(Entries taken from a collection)
-=-=-

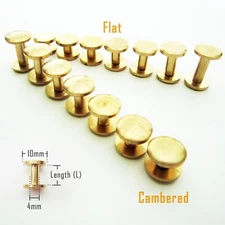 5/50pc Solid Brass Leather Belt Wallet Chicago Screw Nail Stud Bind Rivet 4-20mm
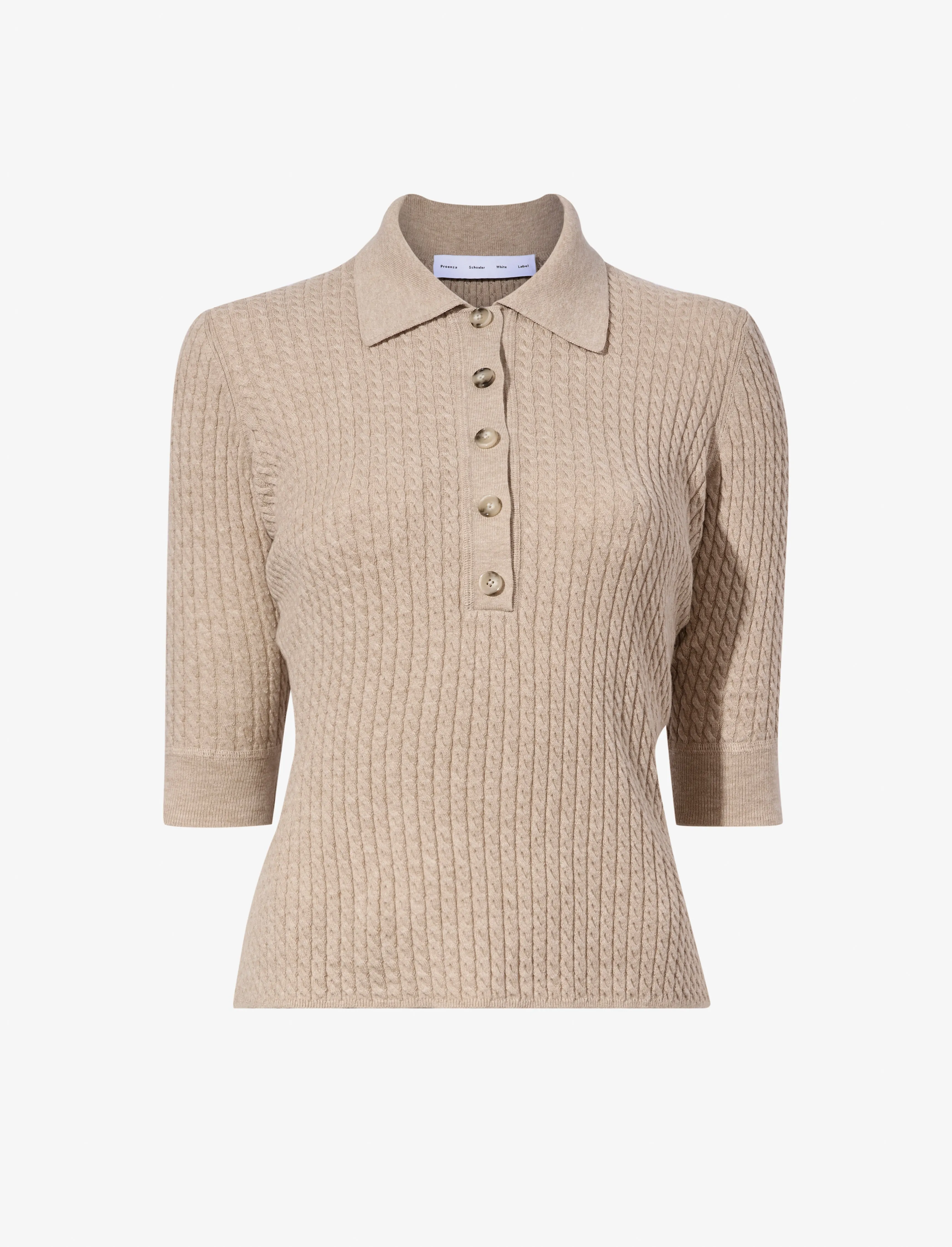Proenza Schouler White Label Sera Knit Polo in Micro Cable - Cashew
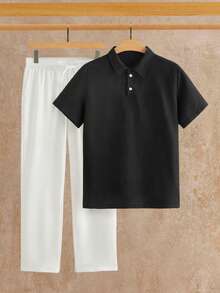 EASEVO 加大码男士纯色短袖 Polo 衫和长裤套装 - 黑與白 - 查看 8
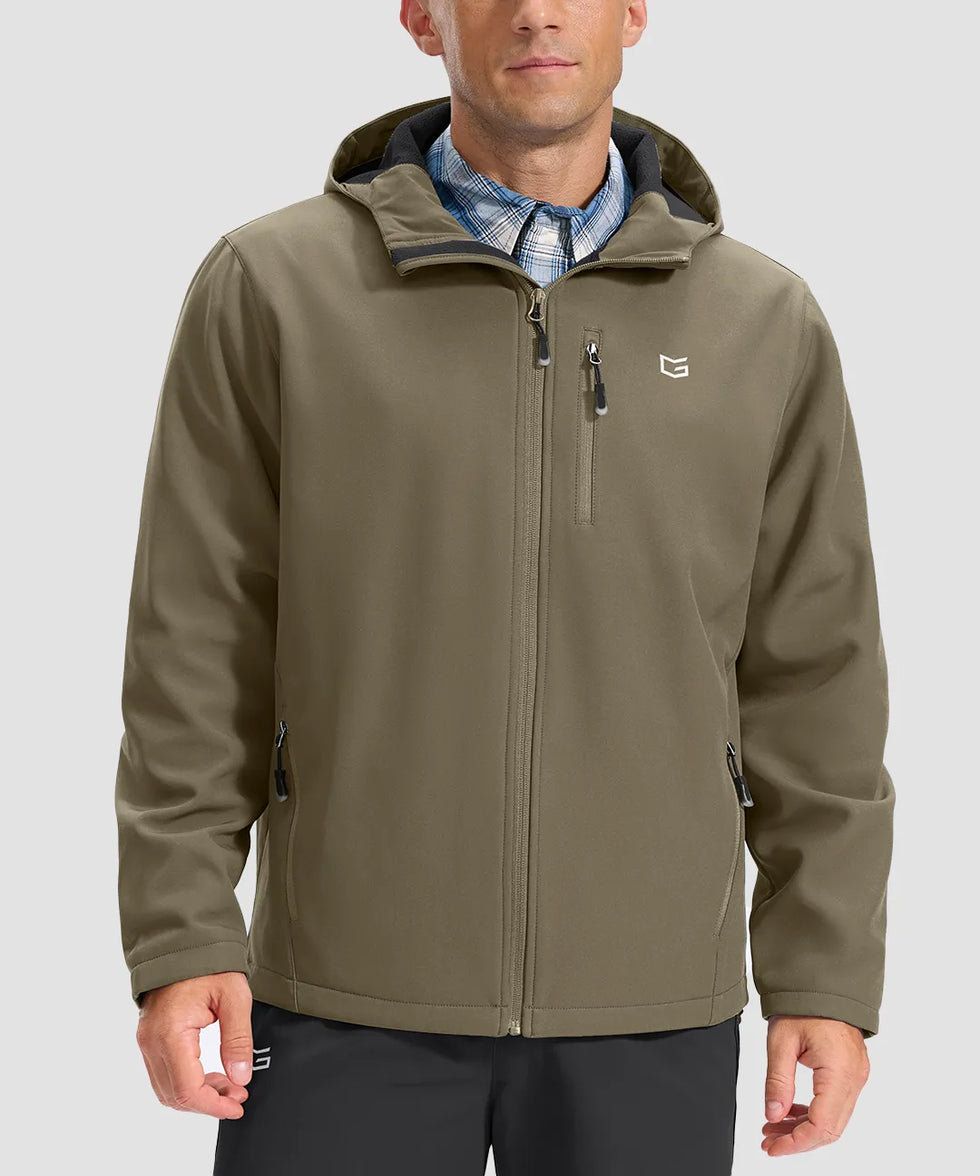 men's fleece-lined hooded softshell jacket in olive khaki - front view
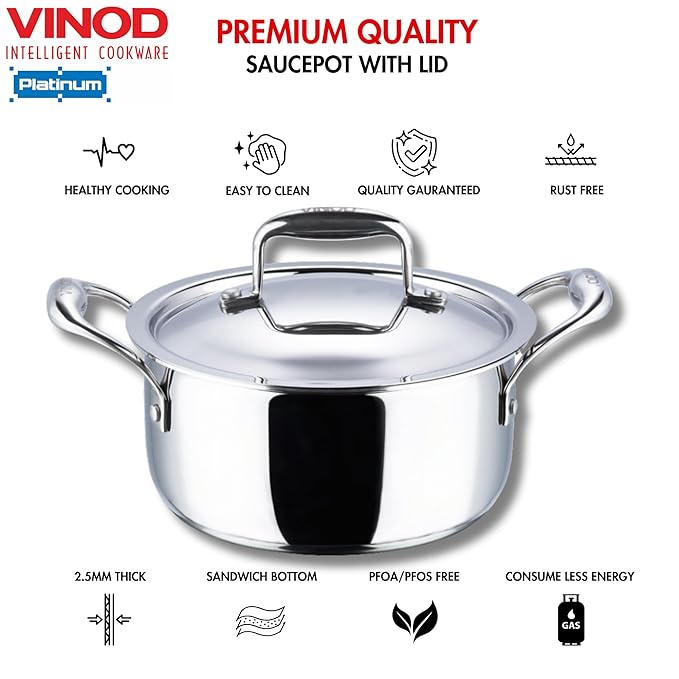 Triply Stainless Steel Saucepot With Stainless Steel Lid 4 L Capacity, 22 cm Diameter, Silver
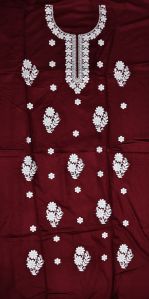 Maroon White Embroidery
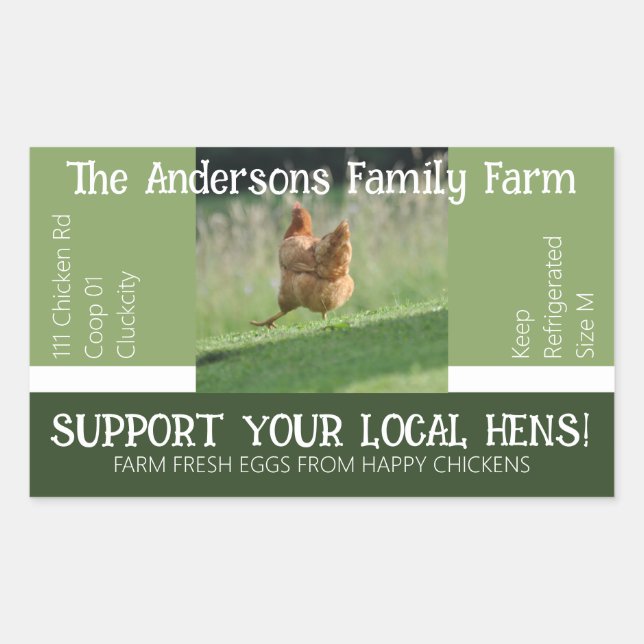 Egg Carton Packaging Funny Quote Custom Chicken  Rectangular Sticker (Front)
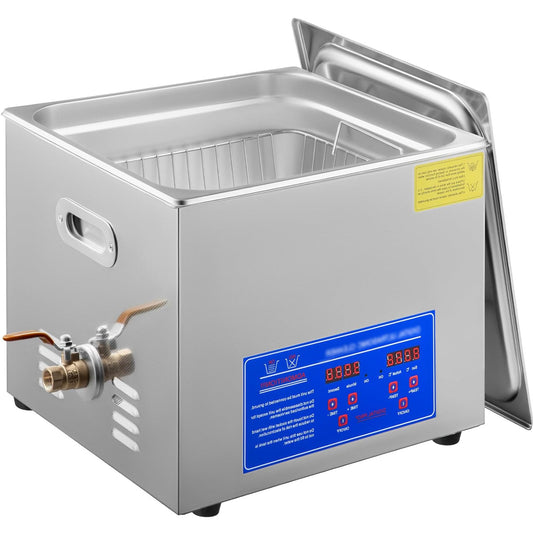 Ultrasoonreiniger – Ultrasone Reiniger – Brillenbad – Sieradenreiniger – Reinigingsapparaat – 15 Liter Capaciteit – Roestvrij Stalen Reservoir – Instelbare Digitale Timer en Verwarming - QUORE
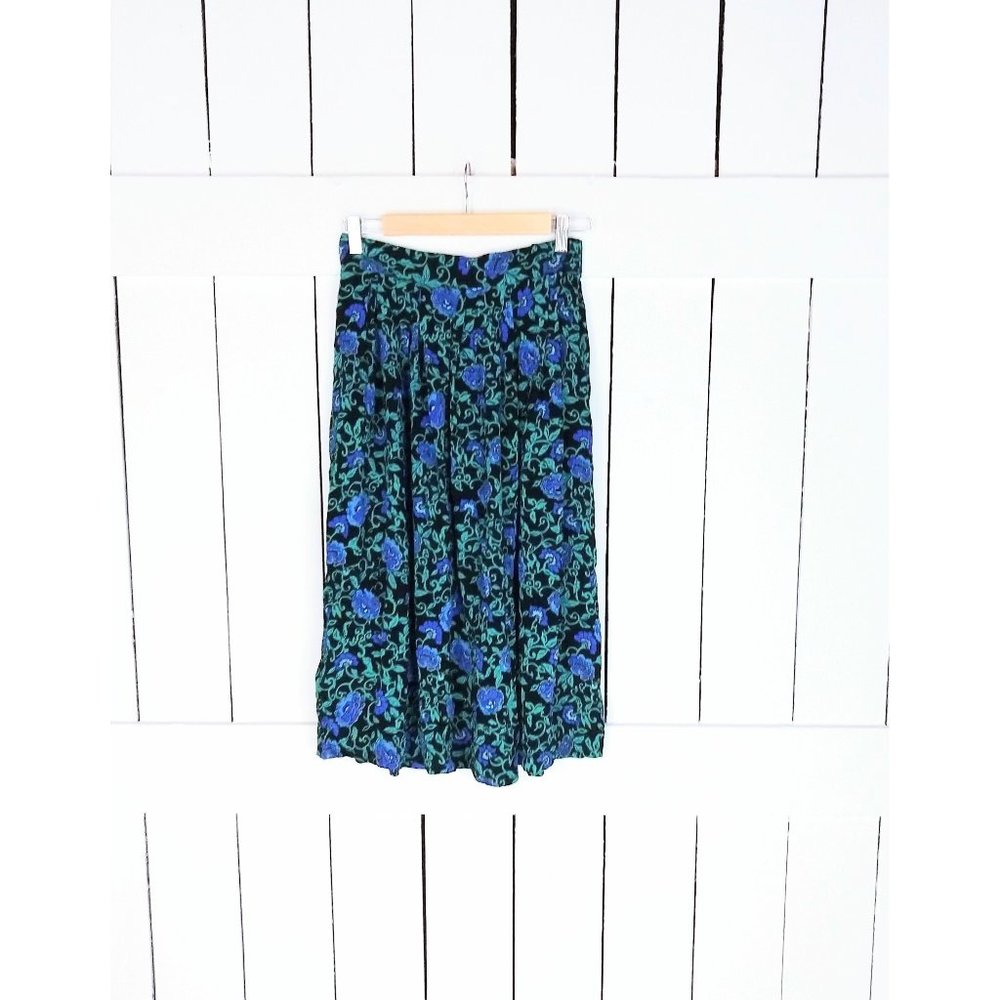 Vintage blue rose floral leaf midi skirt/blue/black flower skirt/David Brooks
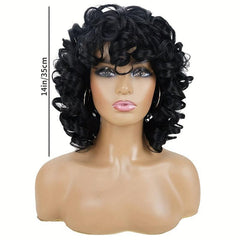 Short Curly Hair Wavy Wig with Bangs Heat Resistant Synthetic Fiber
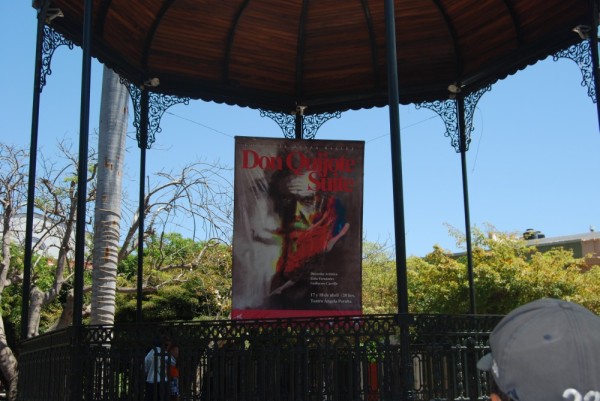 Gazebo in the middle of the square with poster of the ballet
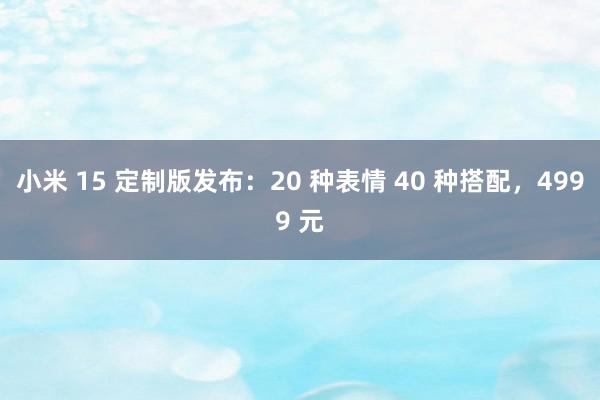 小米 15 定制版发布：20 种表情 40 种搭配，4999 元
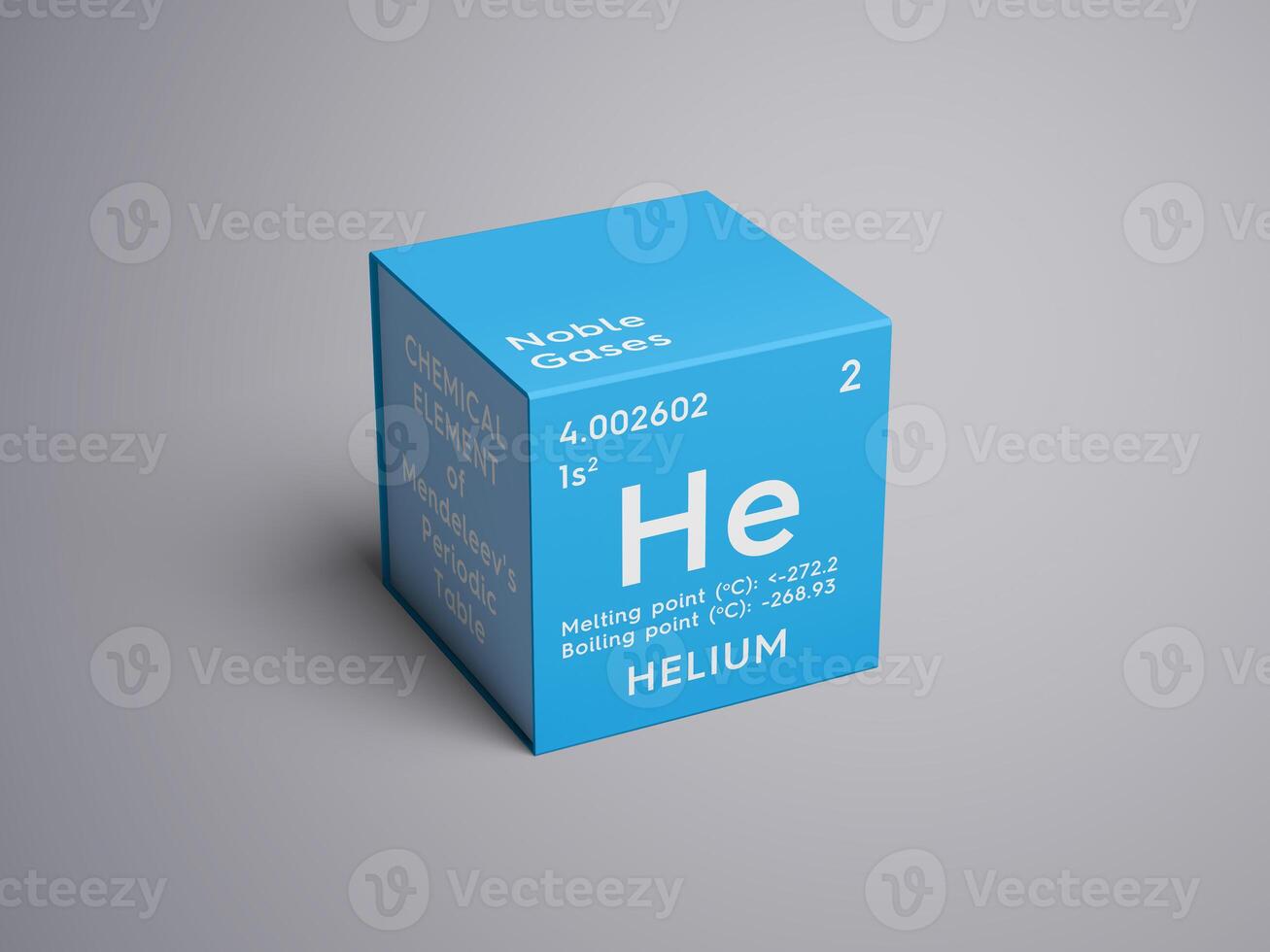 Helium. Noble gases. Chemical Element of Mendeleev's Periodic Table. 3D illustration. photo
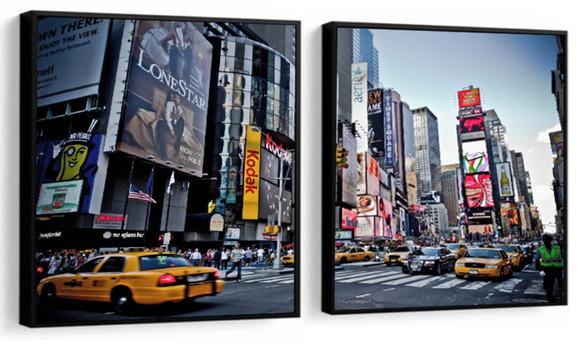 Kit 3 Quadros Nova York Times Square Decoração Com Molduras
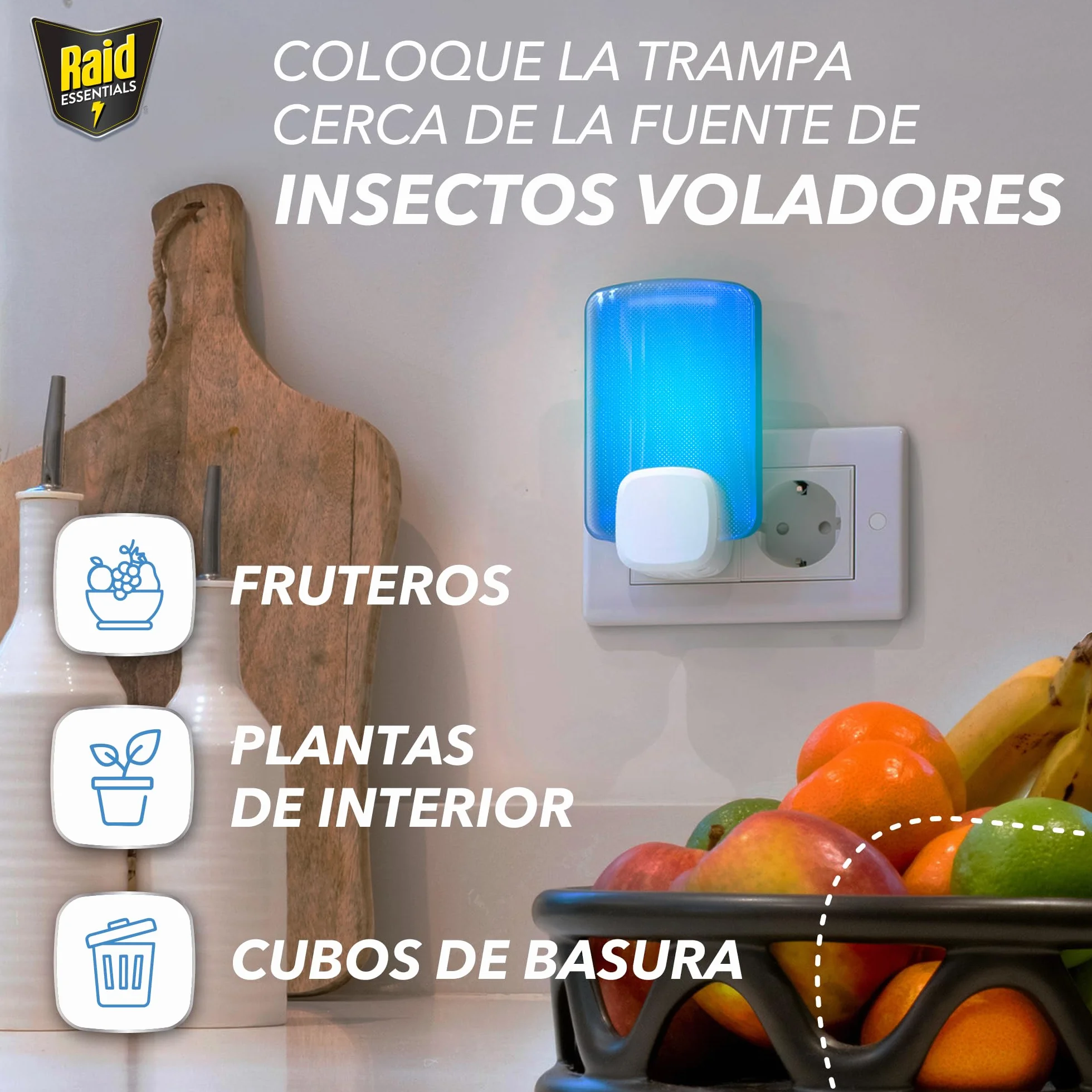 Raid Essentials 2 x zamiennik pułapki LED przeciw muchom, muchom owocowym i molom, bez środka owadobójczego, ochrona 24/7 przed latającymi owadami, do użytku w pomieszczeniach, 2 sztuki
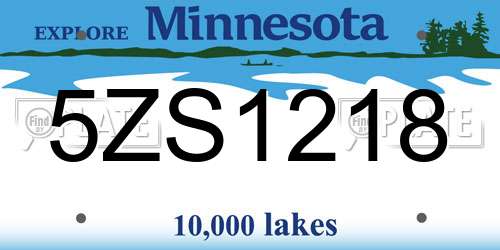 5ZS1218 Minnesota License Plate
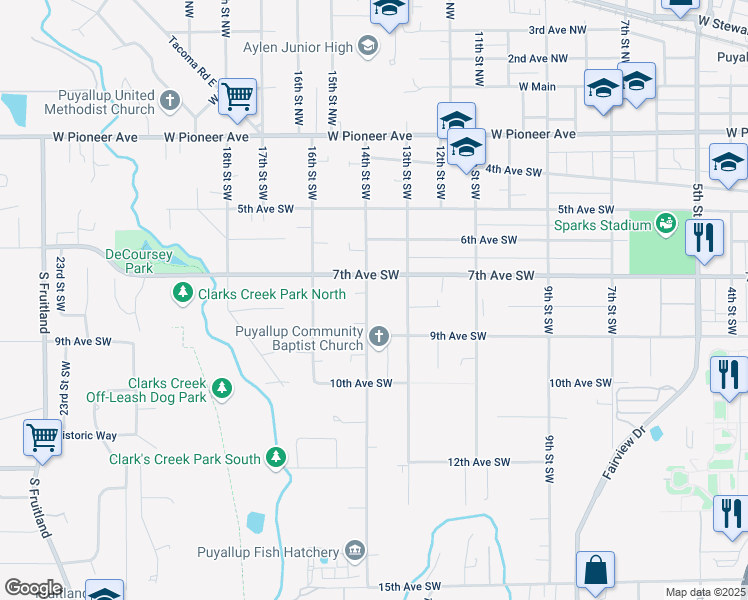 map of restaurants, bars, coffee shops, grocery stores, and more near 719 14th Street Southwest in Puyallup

-=-=-

**Assigned task**
Exclude images and repeat all entries exactly.

**Solution to the problem**
 5/50pc Solid Brass Leather Belt Wallet Chicago Screw Nail Stud Bind Rivet 4-20mm
Proenza Schouler White Label Sera Knit Polo in Micro Cable - Cashew
 EASEVO 加大码男士纯色短袖 Polo 衫和长裤套装 - 黑與白 - 查看 8
 men's fleece-lined hooded softshell jacket in olive khaki - front view
 Triply Stainless Steel Saucepot With Stainless Steel Lid 4 L Capacity, 22 cm Diameter, Silver
 Maroon White Embroidery
 Egg Carton Packaging Funny Quote Custom Chicken  Rectangular Sticker (Front)
 Ultrasoonreiniger – Ultrasone Reiniger – Brillenbad – Sieradenreiniger – Reinigingsapparaat – 15 Liter Capaciteit – Roestvrij Stalen Reservoir – Instelbare Digitale Timer en Verwarming - QUORE
 Vintage blue rose floral leaf midi skirt/blue/black flower skirt/David Brooks
 Short Curly Hair Wavy Wig with Bangs Heat Resistant Synthetic Fiber
 Gazebo in the middle of the square with poster of the ballet
 小米 15 定制版发布：20 种表情 40 种搭配，4999 元
 Helium. Noble gases. Chemical Element of Mendeleev's Periodic Table. 3D illustration. photo
 Kit 3 Quadros Nova York Times Square Decoração Com Molduras
 Raid Essentials 2 x zamiennik pułapki LED przeciw muchom, muchom owocowym i molom, bez środka owadobójczego, ochrona 24/7 przed latającymi owadami, do użytku w pomieszczeniach, 2 sztuki
 5ZS1218 Minnesota License Plate
 map of restaurants, bars, coffee shops, grocery stores, and more near 719 14th Street Southwest in Puyallup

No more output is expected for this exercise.